Grpc: Reuse connection?

ansel1 · January 12, 2021, 4:39pm

The new grpc support is great. Is there a way to re-use the client connection? It seems that connecting in setup() and closing in teardown() doesn’t work.

I’m trying to figure out some strange benchmarking results: I have a service exposed via grpc and grcp-gateway. I’m using k6 to benchmark both. The grpc-gateway results are slightly faster, which doesn’t really make sense: grpc-gateway is calling the same grpc endpoint as the native grpc benchmark, and it’s all on localhost, so grpc-gateway should be at least as slow… I’m thinking the reason is that go’s http library is re-using the connection for the http benchmark, but the native grpc benchmark is repeating the TCP connection setup on each iteration.

mstoykov · January 12, 2021, 5:36pm

Hi @ansel1 , welcome to the community forum.

I think you mistyped it … but k6 is slower than something else, and you think it is because k6 isn’t reusing the grpc connection? This is somewhat … not true on a different level, but you can reuse the connection if you just don’t call close at all, and connect only the first time … or when/if you disconnect, which will likely be trickier ;).

So for example if you change this sample code from the repository and change it to be:



export default () => {   
    if (__ITER == 0) {// only on the first iteration
        client.connect("127.0.0.1:10000", { plaintext: true })
    }
    const response = client.invoke("main.RouteGuide/GetFeature", {
        latitude: 410248224,
        longitude: -747127767
    })

    check(response, { "status is OK": (r) => r && r.status === grpc.StatusOK });
    console.log(JSON.stringify(response.message))

//    client.close()
}

And then remove the sleeps in the server implementation that goes with it … it gets around 2-3x faster (it barely does anything so ).

This will likely need a wrapper around the invoke call to check that the connection hasn’t disconnected for some reason, but other than that it should work fine

Hope this helps, and likely in the future we will have a better way to do this

ansel1 · January 19, 2021, 6:43pm

Awesome, thanks, I will give that a try. But curious, what did you mean by “somewhat not true”?

To clarify by test setup: I have a single, golang executable. It exposes a grpc server on one port. It also exposes a web server on another port. The handler for the web server is grpc-gateway, which is a tool that makes grpc services accessible via a REST-ish interface. The handler translates REST-ish requests (JSON over http) into grpc calls. The handler directs those grpc calls to a grpc client which is connected to grpc server port. So even though grpc-gateway is running in the same process as the grpc server, it still calls the grpc server over the network, not in-process.

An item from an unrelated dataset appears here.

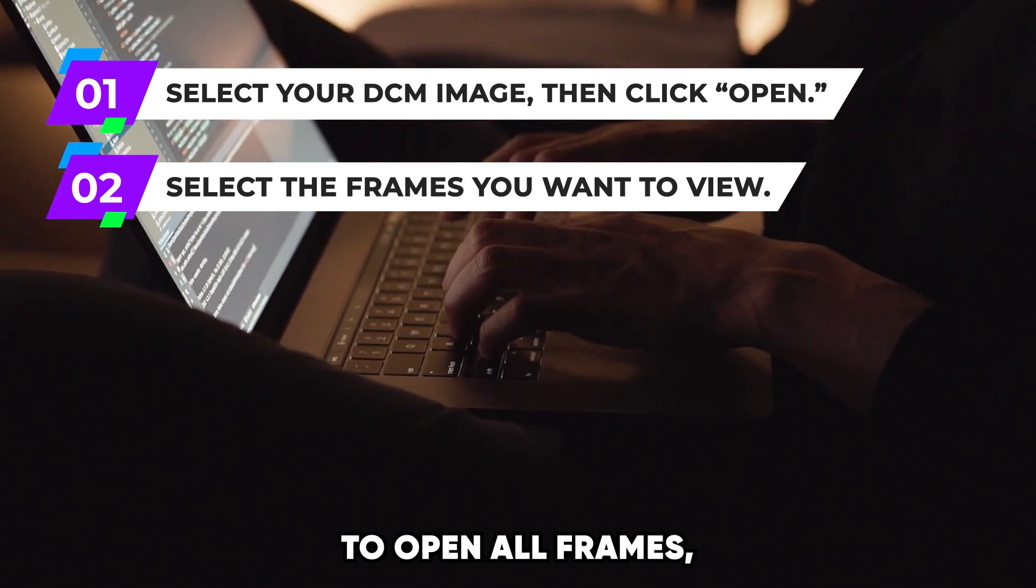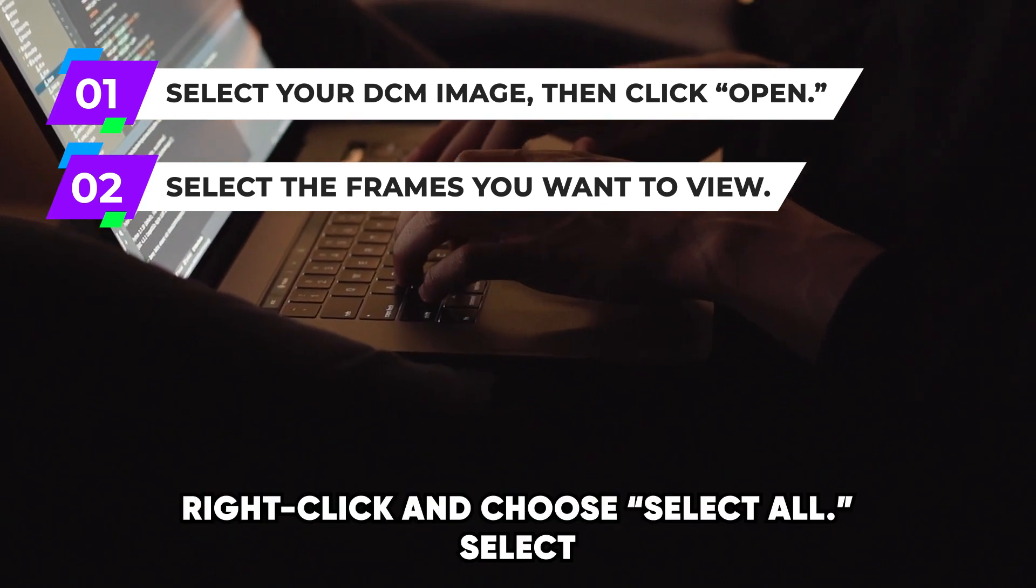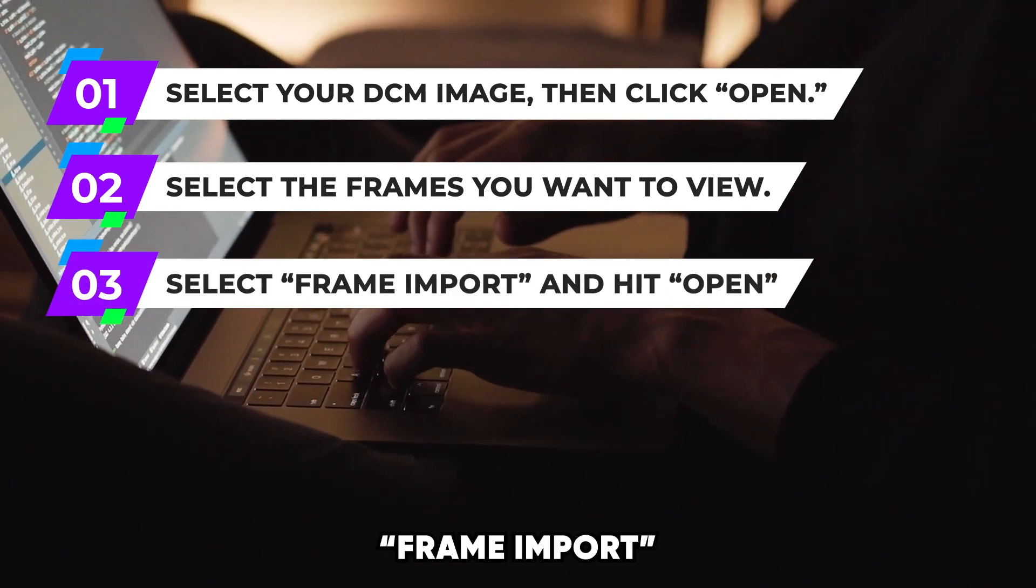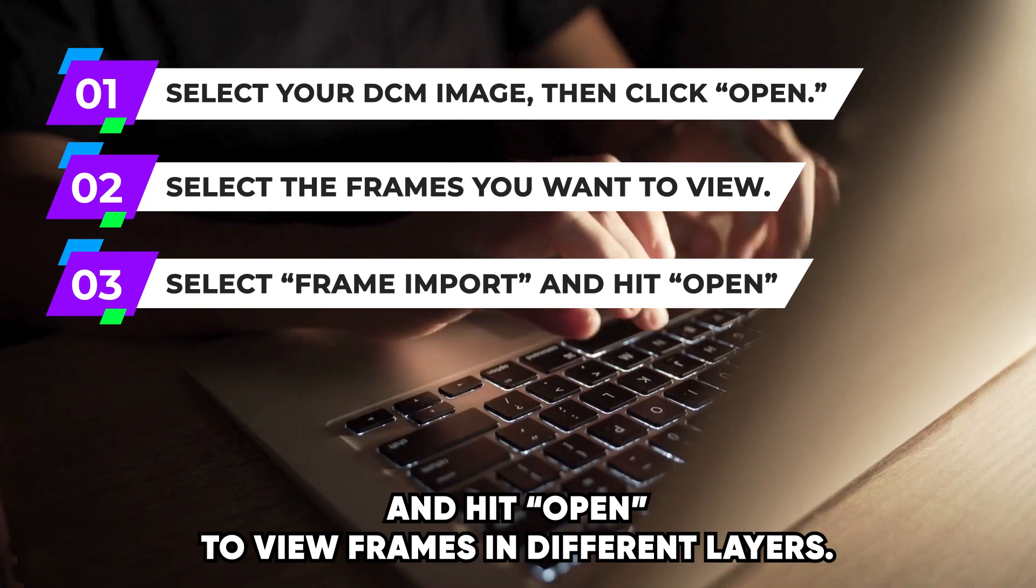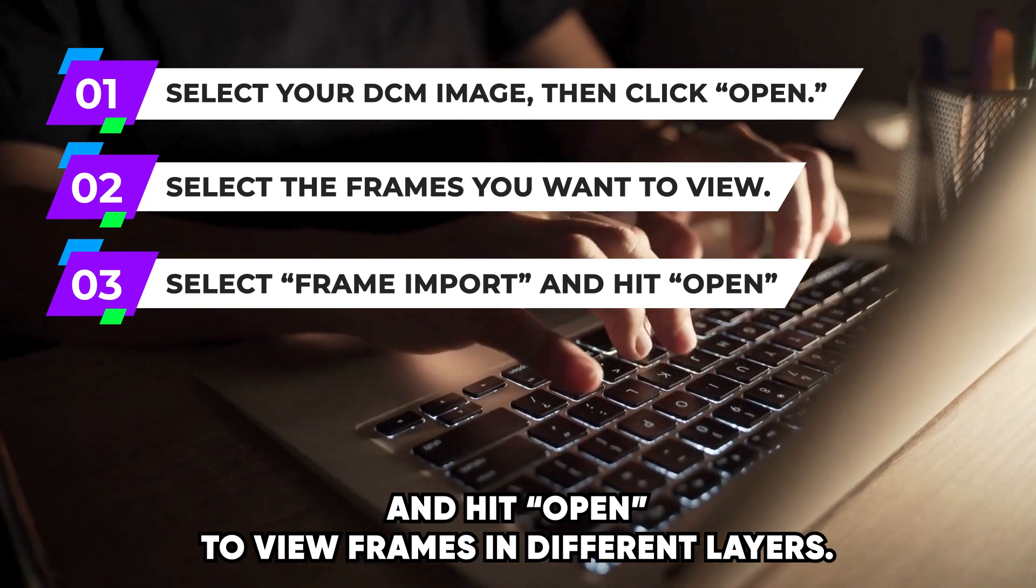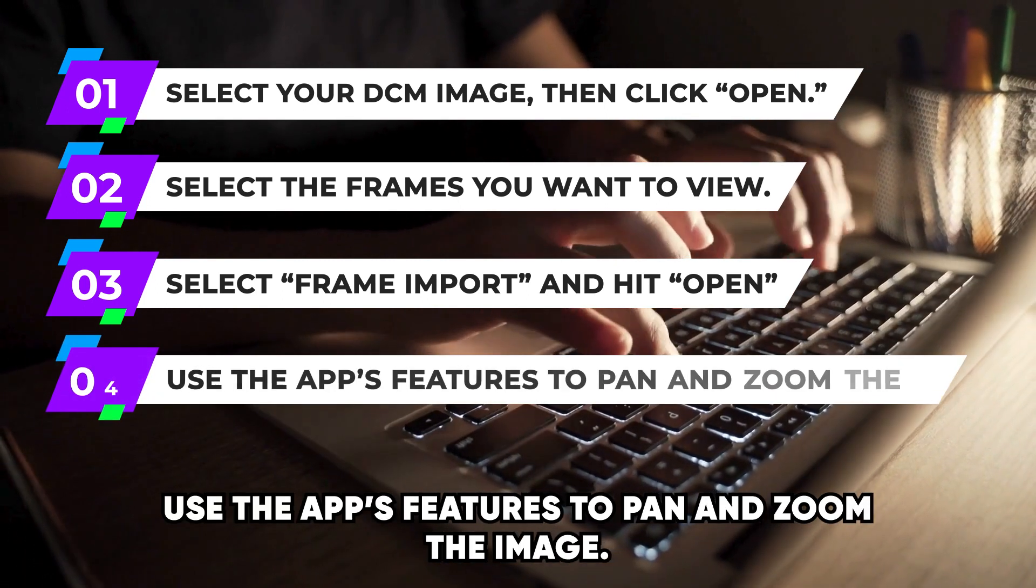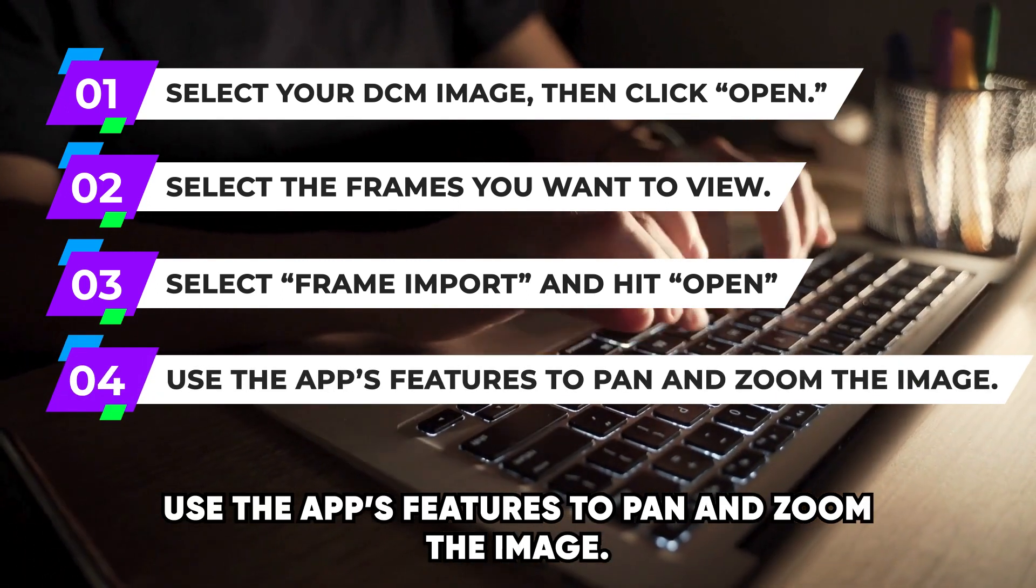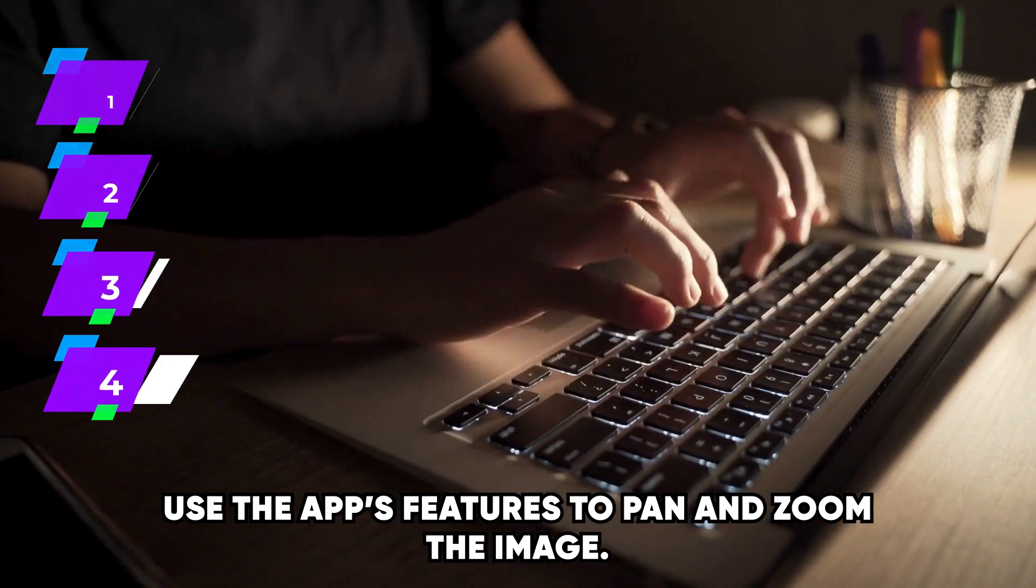To open all frames, right-click and choose Select All. Select Frame Import and hit Open to view frames in different layers. Use the app's features to pan and zoom the image.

So my logic is, if an external client calls the grpc server directly, that should be a bit faster than an external client sending a REST request to the grpc-gateway. grpc-gateway is pure overhead.

I have two k6 scripts: one calls grpc directly, one calls the grpc gateway. The grpc gateway script was running faster (though only by a hair). That wasn’t the result I expected.

nedyalko · January 19, 2021, 7:11pm

I assume that by “somewhat … not true on a different level” @mstoykov meant that the network connection for gRPC’s underlying HTTP/2-based transport might not be fully closed. I am not sure if that is the case or not, but I wouldn’t be surprised.

Did you try to not close the gRPC connection every iteration? That should put the gRPC code on at least an equal level with the HTTP requests k6 will make, since k6 will use keep-alive connections by default (though that can be disabled with the noConnectionReuse option).

The only other cause of the discrepancy you describe I can think of is the k6 gRPC marshaling and unmarshaling of messages. It’s unlikely it affects results that much, but the dynamic nature of the k6 gRPC implementation is going to be much more inefficient than a dedicated marshaling code generated by protoc.

Jamie_1 · February 3, 2023, 7:29pm

I’ve been experimenting and this is what I found after going round it circles a few times.

The above example works, on the first iteration only create the once. It is super fast as stated.

The confusion has been for me around Once per VU* Init code. I initialised an array in the init code and I only write to this array a connection if it has not been written to before. based on this Once per VU* rule there should be 3000 arrays with one record each. This is not the case as I output the vu that get written to my array as they are get written to. in the first stage vu with id of 102 asked for a connection. there where only supposed to be 100 views in this stage so without looking to see if some are missing I can see straight away that there are no duplicates. therefore no duplicate arrays.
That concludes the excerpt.